Misura della indennità
«Volete voi l’abrogazione dell’articolo 8 della legge 15 luglio 1966, n. 604, recante “Norme sui licenziamenti individuali”, come sostituito dall’art. 2, comma 3, della legge 11 maggio 1990, n. 108, limitatamente alle parole: “compreso tra un”, alle parole “ed un massimo di 6” e alle parole “La misura massima della predetta indennità può essere maggiorata fino a 10 mensilità per il prestatore di lavoro con anzianità superiore ai dieci anni e fino a 14 mensilità per il prestatore di lavoro con anzianità superiore ai venti anni, se dipendenti da datore di lavoro che occupa più di quindici prestatori di lavoro”?».
Appalti
Volete voi l’abrogazione dell’art. 29 del decreto legislativo 10 settembre 2003, n. 276, recante “Attuazione delle deleghe in materia di occupazione e mercato del lavoro, di cui alla legge 14 febbraio 2003, n. 30”, comma 2, limitatamente alle parole “Salvo diversa disposizione dei contratti collettivi nazionali sottoscritti da associazioni dei datori di lavoro e dei lavoratori comparativamente più rappresentative del settore che possono individuare metodi e procedure di controllo e di verifica della regolarità complessiva degli appalti,” e alle parole “Il committente imprenditore o datore di lavoro è convenuto in giudizio per il pagamento unitamente all’appaltatore e con gli eventuali ulteriori subappaltatori.

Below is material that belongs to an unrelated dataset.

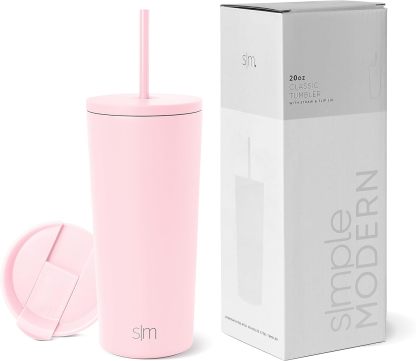 Simple Modern Insulated Tumbler with Lid and Straw | Iced Coffee Cup Reusable Stainless Steel Water Bottle Travel Mug | Gifts for Women Men Her Him | Classic Collection | 24oz | Retro Mint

Il committente imprenditore o datore di lavoro può eccepire, nella prima difesa, il beneficio della preventiva escussione del patrimonio dell’appaltatore medesimo e degli eventuali subappaltatori. In tal caso il giudice accerta la responsabilità solidale di tutti gli obbligati, ma l’azione esecutiva può essere intentata nei confronti del committente imprenditore o datore di lavoro solo dopo l’infruttuosa escussione del patrimonio dell’appaltatore e degli eventuali subappaltatori”?».
Contratti a termine
«Volete voi l’abrogazione dell’articolo 19 del d.lgs. 15 giugno 2015, n. 81 recante “Disciplina organica dei contratti di lavoro e revisione della normativa in tema di mansioni, a norma dell’articolo 1, comma 7, della legge 10 dicembre 2014, n. 183”, comma 1, limitatamente alle parole “non superiore a dodici mesi. Il contratto può avere una durata superiore, ma comunque”, alle parole “in presenza di almeno una delle seguenti condizioni”, alle parole “in assenza delle previsioni di cui alla lettera a), nei contratti collettivi applicati in azienda, e comunque entro il 31 dicembre 2024, per esigenze di natura tecnica, organizzativa e produttiva individuate dalle parti;” e alle parole “b bis)”; comma 1-bis, limitatamente alle parole “di durata superiore a dodici mesi” e alle parole “dalla data di superamento del termine di dodici mesi”; comma 4, limitatamente alle parole “,in caso di rinnovo,” e alle parole “solo quando il termine complessivo eccede i dodici mesi”; articolo 21, comma 01, limitatamente alle parole “liberamente nei primi dodici mesi e, successivamente,”?».